Il titolo, "La terza menzogna", fa riferimento a tre bugie che Claus ha raccontato tanti anni prima, tre segreti che ancora conserva gelosamente. La visita di Claus alla città di K. non è finalizzata alla sola vacanza. Claus è malato e vorrebbe morire nella città natia, ma non prima di aver affrontato un'ultima prova: quella di ricostruire la propria identità, riscoprire il proprio passato facendolo riaffiorare dai propri ricordi. Claus ha vissuto una vita fingendosi qualcuno che non era e sotterrando le memorie della propria infanzia nel profondo del proprio cervello, dove sono state rielaborate e sono diventate una storia da narrare.
Il terzo capitolo della serie è meno legato alla storia, meno crudo e più psicologico. Affronta il problema dell'identità, della ricostruzione degli affetti e del modo in cui le vicende che ci ritroviamo a vivere formano la nostra personalità ma influenzano anche il nostro futuro. Non è un mondo felice quello di Agota Kristof; nessuno dei suoi personaggi ha avuto una vita facile o davvero soddisfacente. La vita è anzi vista come un susseguirsi di fatiche e dolori, sebbene gli affetti possano andare ad ammorbidire un po' anche le situazioni più tragiche. Tuttavia anche la perdita degli affetti pare inevitabile in questo mondo...
La ricerca della parte mancante di sé si conclude in questo romanzo in modo piuttosto negativo. D'altronde con una visione così pessimistica dell'esistenza umana (totalmente giustificata dagli eventi, comunque; non c'è passaggio in cui il punto di vista dell'autrice/dei personaggi non sia comprensibile) non ci si poteva aspettare un lieto fine per questa trilogia. Resta da dimostrare quale sia, in verità, il lieto fine...
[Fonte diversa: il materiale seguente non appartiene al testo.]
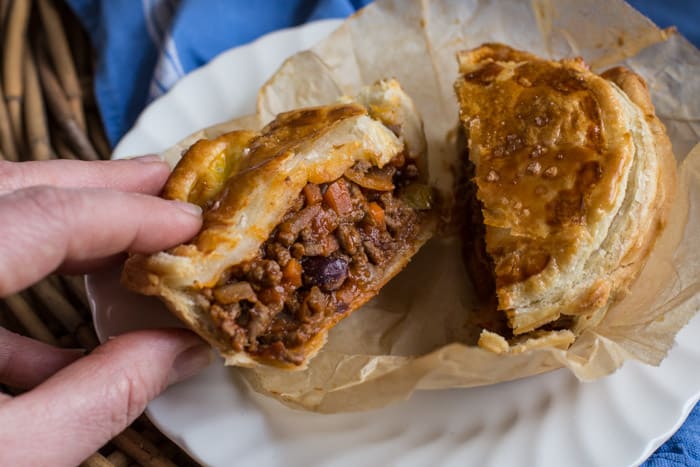 Chilli Beef Pies cut in half to show the filling 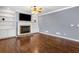 Cozy living room featuring hardwood floors, stone fireplace, a ceiling fan, and built-in bookshelves at 1235 Renaissance Se Ct, Mableton, GA 30126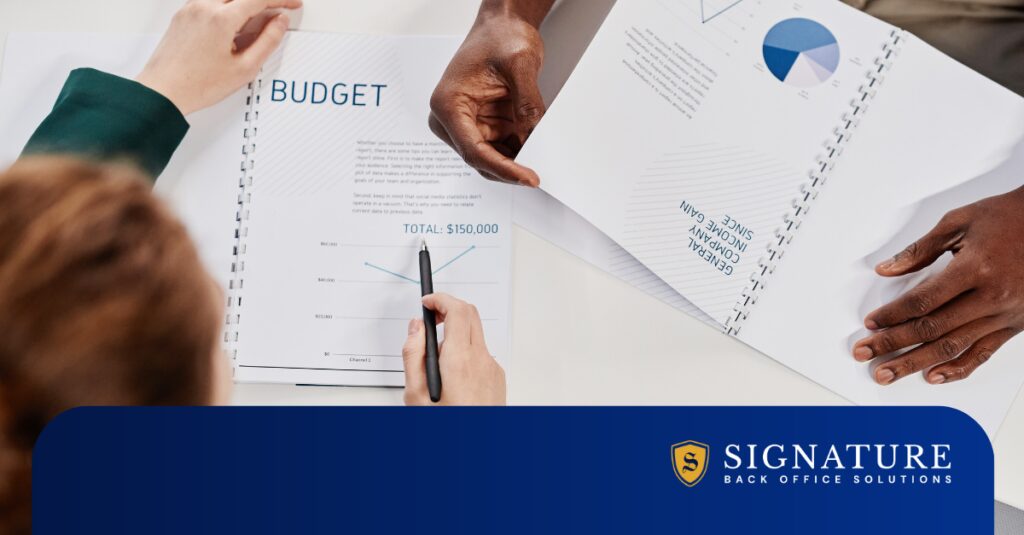 Business professionals reviewing staffing KPIs 2026 and budget documents during Q1 financial analysis.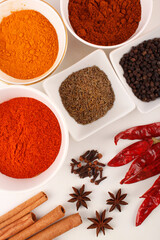 Spices: Turmeric, pepper and red chilly, etc,. shot from above on white background stock photo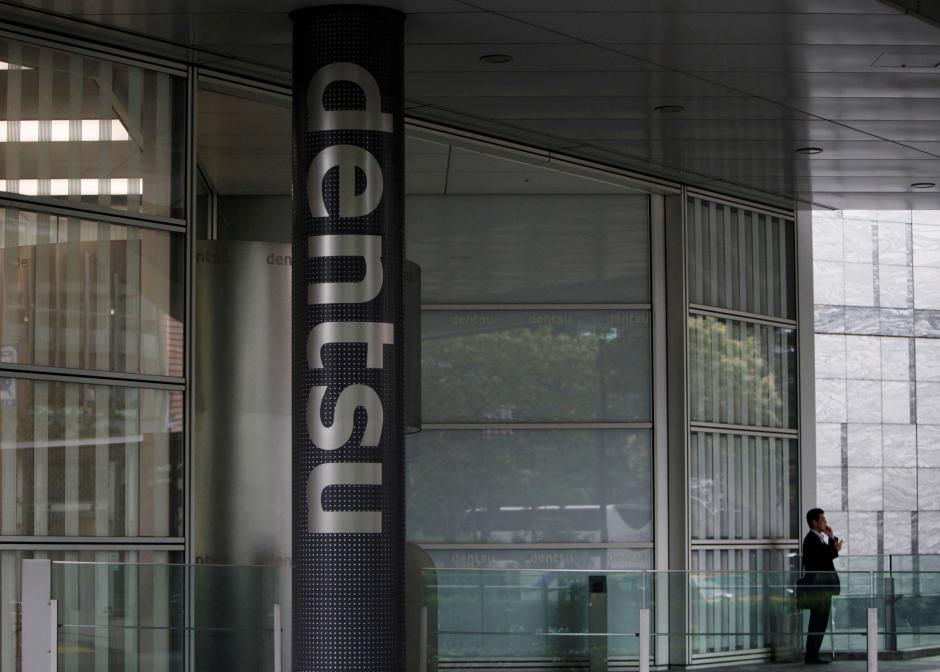 FILE PHOTO: A man speaks on his mobile phone near a logo of Dentsu Co. at the entrance of the company headquarters in Tokyo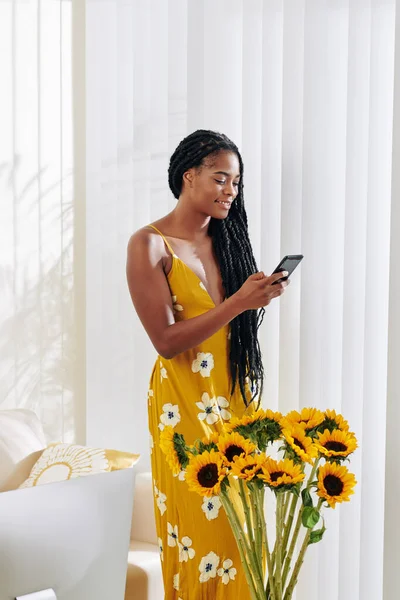 穿着黄色长裙 开着花的年轻貌美的女人在电话里看短信 — 图库照片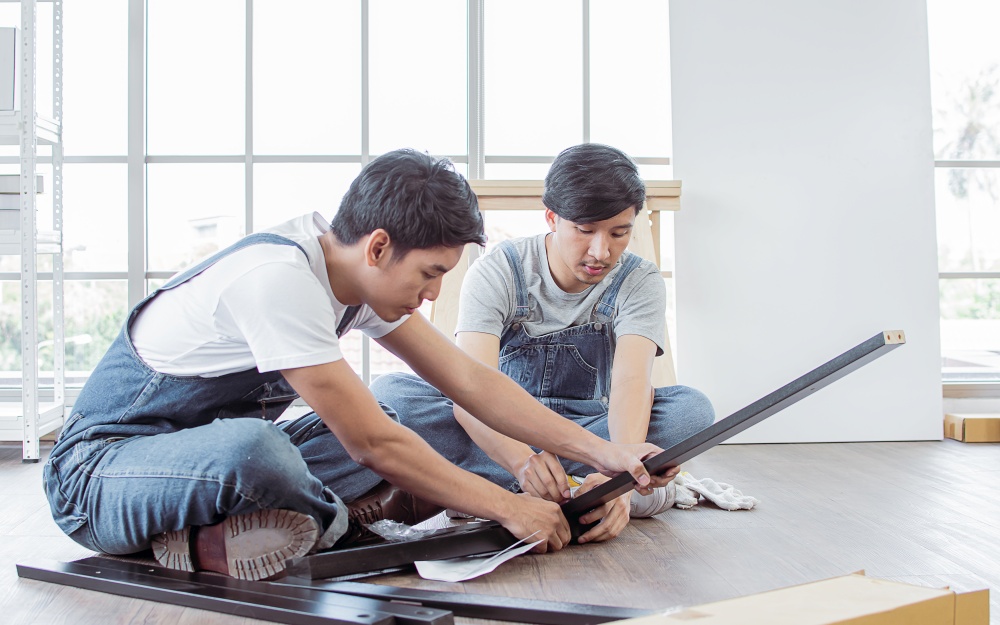 Asian handsome men are making an assembly of a furniture at home. Interior design and DIY Concept.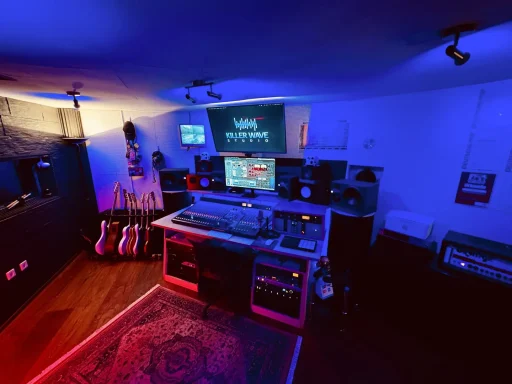 Musikstudio mit bunten Lichtern, Mischpult, Monitor und Instrumenten.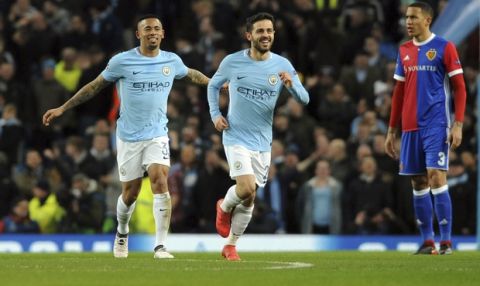 Manchester City's Gabriel Jesus, left, celebrates after scoring his side's opening goal during the Champions League, round of 16, second leg soccer match between Manchester City and Basel at the Etihad Stadium in Manchester, England, Wednesday, March 7, 2018. (AP Photo/Rui Vieira)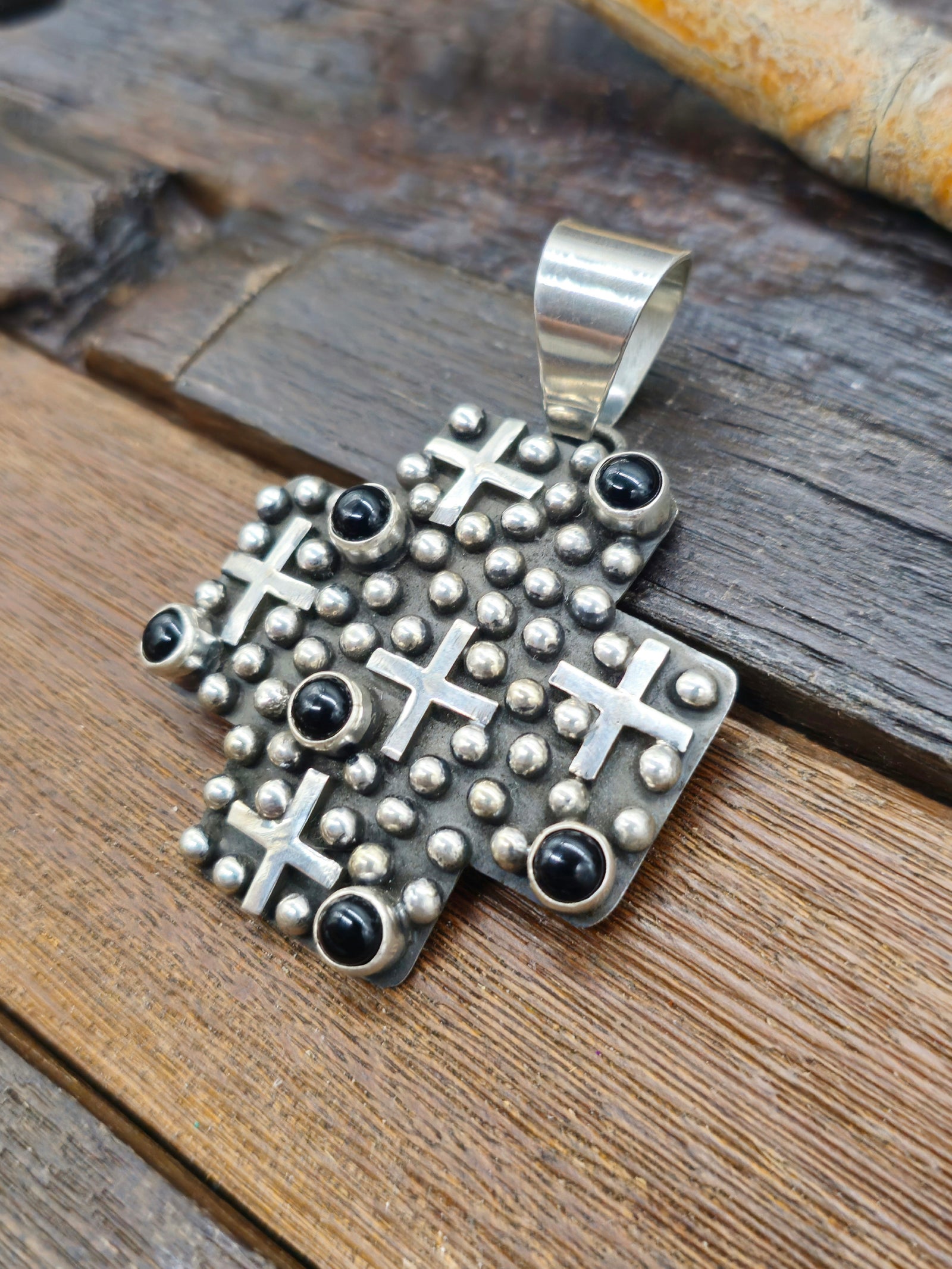 Cross-Shaped Sterling Silver Raindrop and Onyx Pendant by Geneva Apachito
[...] Quello che gli dico è più o meno la stessa cosa di sempre. Gli dico che se è morto, beato lui, e che vorrei essere al suo posto. Gli dico che gli è toccata la parte migliore e che sono io a dover reggere il fardello più pesante. Gli dico che la vita è di un'inutilità totale, è nonsenso, aberrazione, sofferenza infinita, invenzione di un Non-Dio di una malvagità che supera l'immaginazione.
Sono più fortunati coloro che se ne vanno o coloro che restano? Meglio morire giovani e non vivere la propria vita, non avere una possibilità, o rimanere, diventare vecchi e portare le conseguenze della mancanza di chi non c'è più? Non esiste alternativa nelle pagine della Kristof.
Certo, una visione non allettante. Non so se dopo una presentazione simile a qualcuno verrà voglia di leggere questo libro. Ciononostante l'ho trovato veramente bello, intenso, vero, di quella verità che rimane nel tempo, che è la discriminante della letteratura di valore. Sono felice di averlo letto ora, con la maturità dei trent'anni; forse prima non l'avrei capito, non l'avrei gustato fino in fondo. Se avete il cuore forte, se sapete che la vita porta tanto dolore ma non avete paura, perché non siete soli, questo libro non può mancare alle vostre letture.